La sera del 31 ottobre comincia il bombardamento anglo-francese sull’Egitto. „Dobbiamo bombardarvi, dovunque siate – dicono i volantini fatti cadere dagli aerei tra la popolazione –. Pensate ai vostri villaggi distrutti, ai vostri bambini, alle vostre madri, ai vostri padri, ai vostri nonni mentre lasciano le loro case incendiate, mentre abbandonano ogni cosa… Avete commesso un errore che state pagando a carissimo prezzo: avete creduto in Gamal Abd el-Nasser”.
„Non capitoleremo davanti agli aggressori – proclama il Rais –. Combatterò fino all’ultimo con tutto il mio popolo… Non abbandonerò le città del Canale senza combattere… I paesi amici ci aiuteranno… Armeremo la popolazione… Un popolo consapevole e pronto anche all’estremo sacrificio trionfa sempre sugli aggressori, qualunque sia la loro forza materiale”.

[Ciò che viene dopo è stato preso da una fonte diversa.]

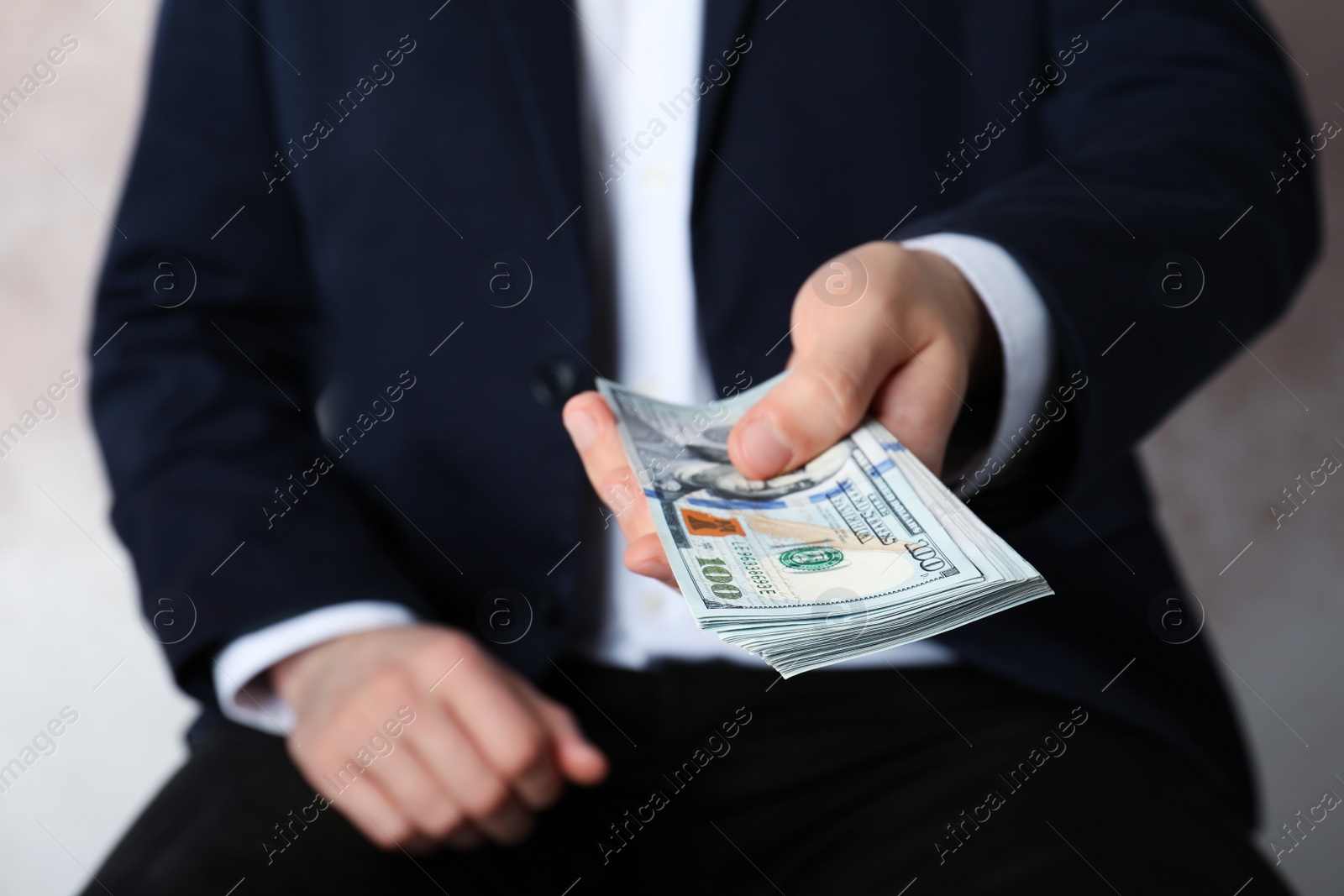 Photo of Closeup view of man in suit offering money indoors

Sul piano militare, l’Egitto rimane sulla difensiva, ma attacca in sede diplomatica: il 4 novembre viene accolta dall’ONU una proposta di Abd el-Nasser e si decide di costituire una forza di pronto impiego che raccolga i Caschi Blu di ventitré paesi. Ma la preparazione del contingente internazionale richiede alcuni giorni, sicché gli aggressori ne approfittano e continuano a bombardare le città egiziane.
Il 5 e il 6 novembre i paracadutisti franco-britannici occupano Porto Said, Ismailia e Suez, nonostante la resistenza opposta dalla popolazione del Delta, alla quale sono state distribuite le armi.
La sera del 5 novembre Mosca ha inviato un energico ultimatum ai governi di Londra, Parigi e Tel Aviv, minacciando attacchi missilistici, prospettando l’invio di truppe musulmane arruolate nelle regioni caucasiche e centroasiatiche dell’URSS e mettendo in questione la legalità dell’esistenza dello „Stato d’Israele”.
La Siria e la stessa Arabia Saudita sospendono le forniture di petrolio agli aggressori. L’India prende in considerazione l’idea di uscire dal Commonwealth. Al Consiglio di Sicurezza dell’ONU, Francia e Inghilterra devono ricorrere al diritto di veto per respingere le mozioni che condannano il loro intervento.
La mattina del 6, Anthony Eden chiamò da Londra il primo ministro francese Guy Mollet e lo avvisò che era costretto a ordinare il cessate il fuoco, perché aveva ricevuto un perentorio ultimatum da Eisenhower. La guerra di Suez era finita.
Abd el-Nasser, sconfitto sul piano militare, diventava l’eroe del panarabismo. L’alleanza occidentale mostrava crepe profonde; l’Unione Sovietica rientrava nella partita del Vicino Oriente come paladina dei diritti arabi; la Francia e l’Inghilterra dovevano piegarsi davanti al volere del loro ingombrante „alleato” d’oltreoceano, cedendogli definitivamente il passo nel Mediterraneo.
Il regime sionista era il vero vincitore della guerra di Suez. „Francia e Gran Bretagna – scrive Gianfranco Peroncini nella Guerra di Suez (Edizioni all’insegna del Veltro, 1986, p. 38) – avevano perso (…) Era Israele a servirsi della loro debolezza e del loro intervento militare per raggiungere i suoi fini. Era un destino forse non difficile da prevedere. Giocati, umiliati e con un pugno di mosche in mano, a Eden e Mollet non restava che meditare amaramente sulle parole di Dante: Se mala cupidigia altro vi grida, / Uomini siate, e non pecore matte, / Sì che il giudeo di voi tra voi non rida!”
Le „pecore matte” della situazione ricevettero in dono da Ben Gurion una medaglia su cui era inciso un motto biblico: „La tua mano destra è il mio sostegno”.